I went up to Seattle on Saturday to get my copy of Spy Trackdown, a new game from Wild Planet‘s Spy Gear series of toys (I have to get the remote-controlled camera/tank to go with my shocking tanks).

I even got a chance to play it with my friend Jon and his son Dane, and I think a fun time was had by all, despite the fact that I won the game rather handily and that we’re all well above the age range at which the game is targeted. I guess that the hours I spent coding for the prototype engine paid off, and the developers even told me that the programmers who wrote the final version for the chip that runs the game’s electronics used my my original Flash code as their template.

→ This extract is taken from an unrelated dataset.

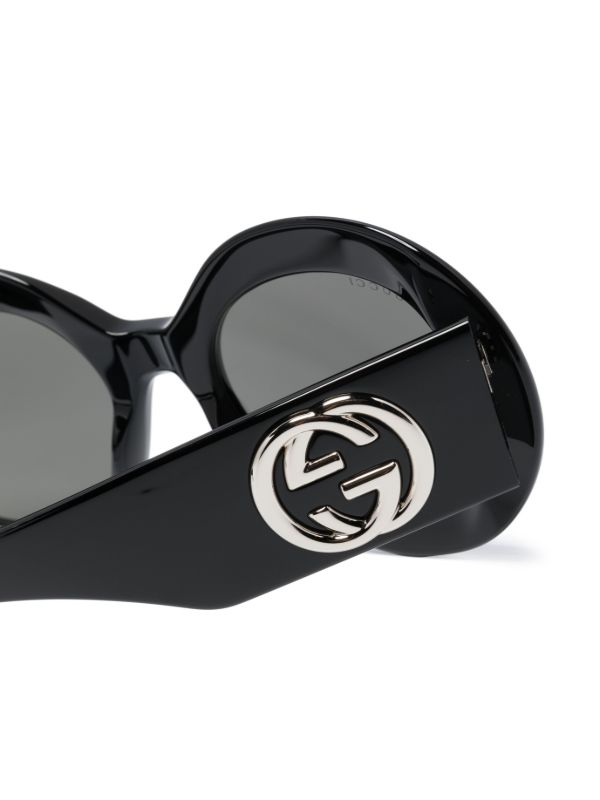 Gucci Eyewear Black Interlocking G Round-Frame Sunglasses | Browns Sunglasses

In Spy Trackdown you’re one of up to four agents travelling across the world’s continents (except for Antarctica), going from city to city (referred to as “zones” in the game but associated with city names on the board). Each continent has a number of zones, ranging from about ten down to four for Australia. A “covert agent” is placed in a random zone on each continent; the “enemy mastermind” is placed randomly in an unoccupied zone anywhere in the world. All the players begin in the same randomly-chosen location.

The whole game is controlled by the Spy Phone: a device with a speaker, an ‘X’ and an ‘O’ button, and an ‘Enter’ button. There’s a little cradle on the board that the Spy Phone fits into; it has its own function in controlling how loud the speaker is and also triggers modal changes.

Spy Phone

During setup, players identify which of the four agent colors are playing (by pressing X or O) and player order is randomly assigned. A player turn consists of two code entry sequences: the player enters a four-character sequence of Xs and Os (it’s binary numbers! for kids!) then either confirms the action with the Enter key or puts in a new code to override. Zones have from one to four travel modes available (motorcycle, sports car, helicopter, jet), all to different destinations, and each mode has its own unique four-digit binary sequence, which means that as the codes are entered, the chip can keep track of where each player is.

Most of the time, the Spy Phone is in its cradle and the instructions and information it reads out can be heard by anyone, but when a player ends their turn, the Spy Phone tells them to pick up the phone and press Enter to hear their secret messages. Most of the time, all the player hears is the shortest number of zones separating them from the covert agent on their current continent. By triangulating (and sheer dumb luck) the player can figure out how to end their turn in the covert agent’s zone. The first player to end their turn on a covert agent zone on that continent is entitled to four Covert Action cards; the next player there gets three, and so on. The catch is that they don’t get the cards immediately, they only get cards when they leave the continent.

The Covert Action cards themselves have other codes on them, giving players the ability to set traps (which lets them steal cards from other players), take extra turns, find out how far away the mastermind is, what direction the mastermind is, and to capture the mastermind. Capturing the mastermind wins the game.

All in all, a pretty nice game of logic and luck, based on a great concept by some folks I’d last worked with ten years ago. I wrote a little ActionScript A* path-finding algorithm that ended up getting replaced by lookup tables in the chip version (because the chip didn’t have the processing power to do the path-finding). The prototype had voice fragments that I could string together and generate sentences which the final version does as well. I’m proud of the way the whole project went.